Para Padre Dário, membro Comissão Especial para a Ecologia Integral e Mineração da Conferência Nacional dos Bispos do Brasil (CNBB), a maior parte do garimpo ilegal de ouro na Amazônia tornou-se oportunidade de lavagem de dinheiro e nova geração de renda para as máfias e o narcotráfico. Assim, o ouro ilegal na Amazônia é sinônimo de morte, poluição, destruição e ataque aos povos e seus territórios.  

“Deveria haver campanhas de boicote ao ouro, inclusive dentro da própria Igreja. Ainda não foram implementadas no Brasil regras que imponham o rastreamento da cadeia de extração e venda do ouro; a própria restrição do comércio de mercúrio e investimentos permanentes na fiscalização dos voos e do comércio de máquinas pesadas para o garimpo são medidas eficazes para enfrentar essa ilegalidade. No XI Fórum Social Panamazônico (Fospa), que se realizará em Bolívia no mês de junho, estes temas serão aprofundados, a partir da experiência e das denúncias dos povos que resistem, em defesa da vida”, declara o missionário comboniano e assessor da REPAM-Brasil. 

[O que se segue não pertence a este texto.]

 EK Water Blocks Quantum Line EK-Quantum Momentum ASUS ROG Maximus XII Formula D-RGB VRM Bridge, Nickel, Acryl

A comunicação da campanha explica que o rádio foi o veículo escolhido por se tratar de um meio de comunicação mais acessível às comunidades na Amazônia. “O rádio é o meio de comunicação mais ouvido na Amazônia devido à distância geográfica e a infraestrutura. Ele chega nas regiões mais afastados, como comunidades tradicionais, ribeirinhas e indígenas, onde outras tecnologias encontram limitações. Então, para esses povos e comunidades, o rádio é o único canal de informação e é por esse canal que muitos se inspiram e vão à luta, se organizam e se mobilizam para lutar por seus direitos”, destaca a comunicadora da Rede, Ana Caroline Lira.  

Qual o preço do ouro? 

A busca pelo ouro na Amazônia cresceu nos últimos anos, impulsionada pelo aumento da demanda e o cenário político favorável ao garimpo. A explosão do garimpo ilegal na região tem provocado uma série de impactos ambientais e sociais negativos. Mas a devastação tem seu preço, segundo o Ministério Público Federal, 1 kg de ouro representa cerca de R$ 1,7 milhão em danos ambientais, gerando um custo ambiental dez vezes maior que o preço real do ouro.  

Mais de 80% do ouro retirado da Amazônia (WWF, 2018) tem como destino a Europa (39%) e a América do Norte (44%). Cerca de 66% do ouro “sobre a terra” está no setor de joias, barras e moedas. Os bancos nacionais ou comerciais também adquirem uma parte substancial dele na forma de reservas (17%). 81% do ouro sai do tríplice fronteira amazônica Brasil, Colômbia e Peru e 69% deste ouro vai para outros três países, Canadá, Suíça e EUA. 

Nos últimos anos, o comércio ilegal de ouro cresceu, com facções do crime organizado empregando meios sofisticados para retirar quantidades significativas de ouro da região amazônica. Esses grupos frequentemente usam documentos falsos e subornos para não serem notados pelas autoridades. 

A campanha de rádios “Qual é o preço do Ouro? Benefício de poucos, prejuízo de muitos!” é uma realização da REPAM-Brasil, com apoio de rádios locais na Amazônia. 

Sobre a REPAM  

A REPAM-Brasil constitui um serviço da Igreja no Brasil para os povos da Amazônia, trabalhando em prol do bioma, para a defesa dos direitos humanos de mulheres e homens, ribeirinhos, indígenas, quilombolas, pescadores e nos últimos anos têm realizado campanhas de sensibilização e de prevenção ao garimpo, mineração, desmatamento. Nestes 10 anos a REPAM tem como missão de ser e estar a serviço da vida dos povos e do cuidado com a Casa Comum.